Series 7: 7.4.66 to 30.6.66 chaired by Michael Smee with Bernard Braden & Barbara Kelly, Charmian Innes, Steve Race and Bernard Levin.

How to Manage Men

Series 1 broadcast on the Light Programme, series 2 on the Home Service

Series 1: 31.7.58 to 25.9.58 (9)

The male guests were (in order): Kenneth Horne, Peter Haigh, Gerard Hoffnung, John Paddy Carstairs, Stephen Grenfell, Godfrey Harrison, Tony van der Burgh, John Ellison and Bill Owen.
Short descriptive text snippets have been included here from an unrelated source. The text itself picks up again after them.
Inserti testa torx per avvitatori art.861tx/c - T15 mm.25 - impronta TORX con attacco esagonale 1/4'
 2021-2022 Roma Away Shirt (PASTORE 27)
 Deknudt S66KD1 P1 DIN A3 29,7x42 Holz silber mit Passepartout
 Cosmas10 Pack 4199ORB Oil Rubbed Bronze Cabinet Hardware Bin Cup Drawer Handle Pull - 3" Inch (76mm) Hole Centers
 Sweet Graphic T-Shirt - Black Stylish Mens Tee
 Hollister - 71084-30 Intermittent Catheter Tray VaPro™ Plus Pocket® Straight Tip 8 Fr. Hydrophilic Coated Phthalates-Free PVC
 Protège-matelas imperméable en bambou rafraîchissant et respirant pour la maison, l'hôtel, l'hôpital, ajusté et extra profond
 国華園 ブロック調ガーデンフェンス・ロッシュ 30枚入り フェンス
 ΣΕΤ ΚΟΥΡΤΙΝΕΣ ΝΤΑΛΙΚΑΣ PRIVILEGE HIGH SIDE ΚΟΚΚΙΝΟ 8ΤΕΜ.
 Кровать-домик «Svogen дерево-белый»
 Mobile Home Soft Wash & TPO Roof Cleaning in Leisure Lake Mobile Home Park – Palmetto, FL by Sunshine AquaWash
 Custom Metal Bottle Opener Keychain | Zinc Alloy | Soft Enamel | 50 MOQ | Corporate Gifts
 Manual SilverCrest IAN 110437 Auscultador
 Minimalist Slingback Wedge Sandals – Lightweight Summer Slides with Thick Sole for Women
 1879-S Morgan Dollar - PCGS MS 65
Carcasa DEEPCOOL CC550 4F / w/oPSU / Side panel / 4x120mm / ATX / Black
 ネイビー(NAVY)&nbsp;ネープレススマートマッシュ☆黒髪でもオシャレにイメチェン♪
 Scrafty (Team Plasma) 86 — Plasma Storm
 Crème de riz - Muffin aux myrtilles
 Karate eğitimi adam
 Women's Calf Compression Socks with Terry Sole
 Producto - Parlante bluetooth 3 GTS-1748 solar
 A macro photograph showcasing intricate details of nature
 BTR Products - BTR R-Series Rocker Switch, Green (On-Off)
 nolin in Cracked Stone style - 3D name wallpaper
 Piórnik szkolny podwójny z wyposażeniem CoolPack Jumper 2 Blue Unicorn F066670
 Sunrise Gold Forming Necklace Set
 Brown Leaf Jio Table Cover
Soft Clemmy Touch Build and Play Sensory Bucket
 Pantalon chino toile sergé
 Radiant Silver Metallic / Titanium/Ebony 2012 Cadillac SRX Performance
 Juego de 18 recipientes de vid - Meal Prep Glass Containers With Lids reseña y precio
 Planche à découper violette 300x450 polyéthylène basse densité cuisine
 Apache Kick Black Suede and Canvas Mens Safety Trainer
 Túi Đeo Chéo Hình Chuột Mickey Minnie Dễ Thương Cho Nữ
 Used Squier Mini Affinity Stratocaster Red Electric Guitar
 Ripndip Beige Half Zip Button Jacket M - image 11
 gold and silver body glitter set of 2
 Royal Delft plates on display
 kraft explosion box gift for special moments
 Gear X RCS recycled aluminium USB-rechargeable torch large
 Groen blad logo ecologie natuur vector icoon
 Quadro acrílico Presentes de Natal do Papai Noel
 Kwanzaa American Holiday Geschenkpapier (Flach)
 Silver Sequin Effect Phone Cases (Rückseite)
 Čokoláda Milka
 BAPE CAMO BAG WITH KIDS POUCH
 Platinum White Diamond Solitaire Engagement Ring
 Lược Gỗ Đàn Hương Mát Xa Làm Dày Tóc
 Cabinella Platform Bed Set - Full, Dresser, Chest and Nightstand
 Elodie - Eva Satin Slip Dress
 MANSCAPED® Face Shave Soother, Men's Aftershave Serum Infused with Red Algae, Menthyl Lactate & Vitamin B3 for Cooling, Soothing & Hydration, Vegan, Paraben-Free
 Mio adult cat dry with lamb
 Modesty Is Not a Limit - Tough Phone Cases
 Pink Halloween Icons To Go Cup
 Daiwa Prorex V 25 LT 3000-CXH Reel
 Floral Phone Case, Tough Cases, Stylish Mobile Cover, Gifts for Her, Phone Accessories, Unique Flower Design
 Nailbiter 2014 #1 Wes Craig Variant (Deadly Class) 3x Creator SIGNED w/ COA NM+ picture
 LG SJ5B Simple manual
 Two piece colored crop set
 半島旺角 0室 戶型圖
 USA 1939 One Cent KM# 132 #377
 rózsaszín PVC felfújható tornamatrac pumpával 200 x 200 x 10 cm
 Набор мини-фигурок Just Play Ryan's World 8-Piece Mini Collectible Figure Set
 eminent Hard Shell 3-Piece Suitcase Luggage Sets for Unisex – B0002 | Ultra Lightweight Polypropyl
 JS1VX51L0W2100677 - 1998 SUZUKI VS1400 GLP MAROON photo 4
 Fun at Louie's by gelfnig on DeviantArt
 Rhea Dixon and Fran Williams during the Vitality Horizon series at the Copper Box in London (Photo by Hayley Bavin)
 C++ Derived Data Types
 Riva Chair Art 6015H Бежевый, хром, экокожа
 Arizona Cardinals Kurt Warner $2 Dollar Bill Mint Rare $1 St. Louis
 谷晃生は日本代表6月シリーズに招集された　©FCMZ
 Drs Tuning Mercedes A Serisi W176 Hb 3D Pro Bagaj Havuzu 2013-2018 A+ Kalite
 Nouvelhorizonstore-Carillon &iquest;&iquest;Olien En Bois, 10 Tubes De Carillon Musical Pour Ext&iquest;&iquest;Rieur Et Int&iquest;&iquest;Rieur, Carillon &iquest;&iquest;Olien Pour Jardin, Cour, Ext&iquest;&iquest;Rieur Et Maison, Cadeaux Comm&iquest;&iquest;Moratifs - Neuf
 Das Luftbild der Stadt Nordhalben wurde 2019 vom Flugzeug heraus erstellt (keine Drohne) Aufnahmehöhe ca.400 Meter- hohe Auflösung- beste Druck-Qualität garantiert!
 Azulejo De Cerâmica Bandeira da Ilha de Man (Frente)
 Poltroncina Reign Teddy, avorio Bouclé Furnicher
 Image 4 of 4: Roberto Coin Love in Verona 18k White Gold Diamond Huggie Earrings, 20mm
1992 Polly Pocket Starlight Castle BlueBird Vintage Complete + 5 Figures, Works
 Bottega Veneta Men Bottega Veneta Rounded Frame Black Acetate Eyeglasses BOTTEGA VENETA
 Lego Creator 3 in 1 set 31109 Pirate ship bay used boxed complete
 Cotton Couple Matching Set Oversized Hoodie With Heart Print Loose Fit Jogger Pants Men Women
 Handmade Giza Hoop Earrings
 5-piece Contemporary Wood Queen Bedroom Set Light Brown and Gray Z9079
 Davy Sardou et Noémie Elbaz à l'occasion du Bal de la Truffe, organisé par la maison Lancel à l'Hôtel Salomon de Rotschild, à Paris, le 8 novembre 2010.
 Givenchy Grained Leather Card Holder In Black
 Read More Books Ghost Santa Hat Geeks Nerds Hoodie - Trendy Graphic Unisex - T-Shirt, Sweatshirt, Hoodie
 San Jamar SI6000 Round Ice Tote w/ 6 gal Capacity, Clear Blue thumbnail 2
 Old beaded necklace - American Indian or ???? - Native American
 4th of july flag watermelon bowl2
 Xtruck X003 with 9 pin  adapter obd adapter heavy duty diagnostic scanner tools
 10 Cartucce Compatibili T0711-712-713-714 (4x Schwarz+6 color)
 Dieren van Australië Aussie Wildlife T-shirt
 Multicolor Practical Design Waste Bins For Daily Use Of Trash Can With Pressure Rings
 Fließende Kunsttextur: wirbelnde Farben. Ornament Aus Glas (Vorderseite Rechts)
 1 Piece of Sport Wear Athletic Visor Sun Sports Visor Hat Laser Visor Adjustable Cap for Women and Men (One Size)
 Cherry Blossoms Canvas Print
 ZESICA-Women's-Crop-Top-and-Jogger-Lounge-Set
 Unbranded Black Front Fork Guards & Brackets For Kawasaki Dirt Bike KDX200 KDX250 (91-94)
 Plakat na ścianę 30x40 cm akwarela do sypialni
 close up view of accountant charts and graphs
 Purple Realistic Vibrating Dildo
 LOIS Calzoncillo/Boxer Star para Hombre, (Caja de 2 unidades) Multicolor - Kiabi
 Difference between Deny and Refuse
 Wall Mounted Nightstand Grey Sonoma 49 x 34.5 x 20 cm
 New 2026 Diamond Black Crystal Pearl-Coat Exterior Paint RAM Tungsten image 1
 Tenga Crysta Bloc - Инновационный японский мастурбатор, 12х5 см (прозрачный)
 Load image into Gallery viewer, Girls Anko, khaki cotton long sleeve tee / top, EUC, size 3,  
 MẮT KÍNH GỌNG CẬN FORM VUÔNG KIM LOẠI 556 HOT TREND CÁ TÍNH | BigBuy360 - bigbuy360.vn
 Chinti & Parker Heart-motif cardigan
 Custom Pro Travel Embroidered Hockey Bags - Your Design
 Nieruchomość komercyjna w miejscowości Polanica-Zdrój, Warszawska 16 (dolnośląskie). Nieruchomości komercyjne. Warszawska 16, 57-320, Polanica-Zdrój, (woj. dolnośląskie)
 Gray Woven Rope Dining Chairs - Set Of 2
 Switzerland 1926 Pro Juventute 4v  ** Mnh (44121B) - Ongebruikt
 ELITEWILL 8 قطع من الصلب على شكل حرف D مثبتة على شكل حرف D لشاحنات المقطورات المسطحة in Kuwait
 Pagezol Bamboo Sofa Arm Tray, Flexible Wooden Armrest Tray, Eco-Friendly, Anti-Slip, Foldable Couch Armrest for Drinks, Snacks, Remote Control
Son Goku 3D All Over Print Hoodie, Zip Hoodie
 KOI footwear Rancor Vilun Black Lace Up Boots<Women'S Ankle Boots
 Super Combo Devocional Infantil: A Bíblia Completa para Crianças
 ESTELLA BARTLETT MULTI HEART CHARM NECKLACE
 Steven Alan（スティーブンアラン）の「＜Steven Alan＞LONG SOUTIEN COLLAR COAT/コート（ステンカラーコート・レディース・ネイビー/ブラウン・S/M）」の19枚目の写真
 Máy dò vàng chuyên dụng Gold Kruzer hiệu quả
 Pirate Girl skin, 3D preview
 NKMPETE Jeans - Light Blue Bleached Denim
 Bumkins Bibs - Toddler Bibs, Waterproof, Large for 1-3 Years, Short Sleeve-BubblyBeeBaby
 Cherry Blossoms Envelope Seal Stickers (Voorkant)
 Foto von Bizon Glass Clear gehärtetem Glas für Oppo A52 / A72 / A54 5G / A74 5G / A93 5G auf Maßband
Series 2: 23.12.58 and 8.1.59 (2)

Chaired by Eleanor Summerfield with the panel of Frances Day, Helen Bailey, Diana Graves and Charmian Innes with male guest Bill Owen

1 comment:

  1. I was one of the listeners who requested the Radio 4 Extra repeat of Petticoat Line last year, as it was my grandmotherś favourite radio programme. I always remember her listening to it on weekday lunchtimes when I came home for lunch from work. Gran was born in 1898 and died in 1992, and PL, like Mrs Dales Diary (later The Dales) were listened to each day. I only heard Mrs Dale on school holidays.

    My grandarents bought me up, and I always feel nostalgic when I hear these shows (and Paul Temple with Peter Coke and Marjorie Westbury) as it takes me back to the late 50s and 1960s.